# Urea tank - question



## jkp1187 (Jul 2, 2008)

So I understand that the 335d won't allow itself to be started if the urea tank is empty. But what if you're in a location that doesn't lend itself to easy access to a refill of the tank. Can you just fill the tank with water until you have a chance to get the appropriate fluid?


----------



## d geek (Nov 26, 2008)

First off- several warnings are generated before you are completely out of DEF and the car is disabled, so no excuse to run it out completely.

Secondly- if you have received several warnings and want to push it to the limit, then purchase a bottle of DEF to have at the ready.

Third- water into the DEF reservoir? in a $45-60K vehicle with a very advanced emissions control system? are you serious?


----------



## jkp1187 (Jul 2, 2008)

d geek said:


> First off- several warnings are generated before you are completely out of DEF and the car is disabled, so no excuse to run it out completely.
> 
> Secondly- if you have received several warnings and want to push it to the limit, then purchase a bottle of DEF to have at the ready.
> 
> Third- water into the DEF reservoir? in a $45-60K vehicle with a very advanced emissions control system? are you serious?


Yes, I am serious. Do you have an answer for the question?


----------



## d geek (Nov 26, 2008)

yeah- here's your answer:

eff no


----------



## jkp1187 (Jul 2, 2008)

d geek said:


> yeah- here's your answer:
> 
> eff no


What is the basis for your conclusion?


----------



## d geek (Nov 26, 2008)

jkp1187 said:


> What is the basis for your conclusion?


because DEF is what the system uses :dunno:

what happens if something else is put in there? who knows? who would like to volunteer to find out? why would you want to when it would be so easy to avoid this "problem"? :dunno:


----------



## jkp1187 (Jul 2, 2008)

d geek said:


> because DEF is what the system uses :dunno:
> 
> what happens if something else is put in there? who knows? who would like to volunteer to find out? why would you want to when it would be so easy to avoid this "problem"? :dunno:


Because I like to know how cars work. Especially when they cost $45k - $60k. I'd hate to spend that much on one only to find out that this urea contraption left me stranded.

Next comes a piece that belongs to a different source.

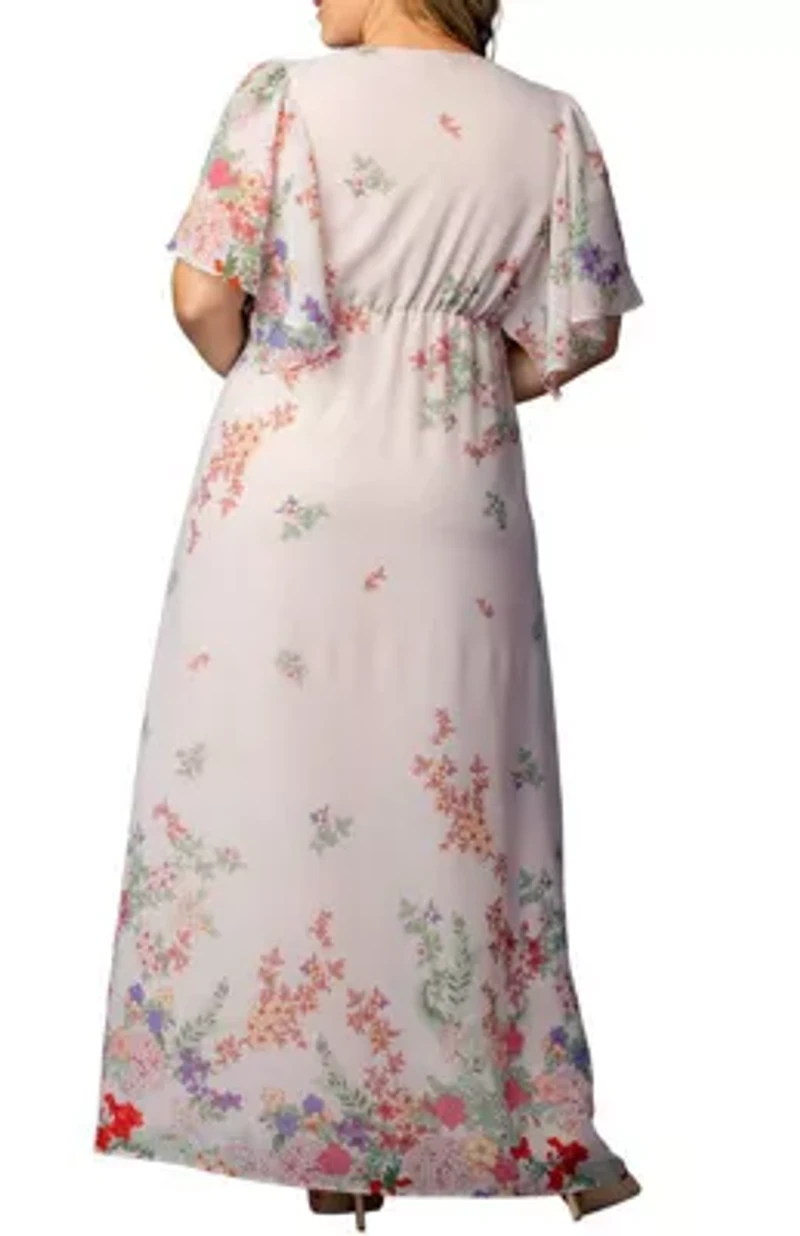 Women's Plus Catalina Border Print Gown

Can anyone who knows something about the engine and urea filter system help me with an answer to this question? Will using water in place of urea cause significant damage to the system? (Will it work at all?)


----------



## d geek (Nov 26, 2008)

here is a link to a presentation of the system that was eventually deployed:
http://www1.eere.energy.gov/vehiclesandfuels/pdfs/deer_2007/session4/deer07_mattes.pdf (SCR description starts on pg 16)

you're right- i cannot answer your question on a technical level. But the thought of putting the wrong fluid into such a complex system frightens me. i don't know why anyone would ever risk it on such an expensive vehicle, and that is what i was trying to express


----------



## Penguin (Aug 31, 2003)

jkp1187 said:


> So I understand that the 335d won't allow itself to be started if the urea tank is empty. But what if you're in a location that doesn't lend itself to easy access to a refill of the tank. Can you just fill the tank with water until you have a chance to get the appropriate fluid?

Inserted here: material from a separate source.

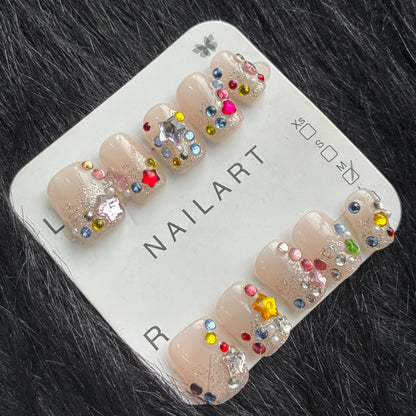 Press On Nails 10Pcs Code-BF (001+) Easy Beauty Nepal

Well, your can try it and find out, but... I would be extremely surprised if the EPA would approve a system which could be defeated by simply using water instead of DEF, considering the fact that they required BMW to design the system to make the engine inoperative when the DEF fluid runs out. Being able to defeat that mandatory "feature" by simply filling the DEF tank with water would almost surely be an eventuality that the EPA would have considered and required an answer to. I suspect there is a sensor in the system that can tell the difference between DEF and plain water.

As the system uses "A nitric oxide sensor downstream of the SCR catalyst provides feedback on the concentration of NOX in the exhaust emissions," if nothing else use of water would probably ensure a SES light.

P.S. Mercedes does have a sensor in the DEF tank to tell if you have put water, rather than DEF, in the tank:

"Sensors in the tank detect the correct urea concentration. A separate NOx sensor monitors the exhaust. Filling up with water won't suffice."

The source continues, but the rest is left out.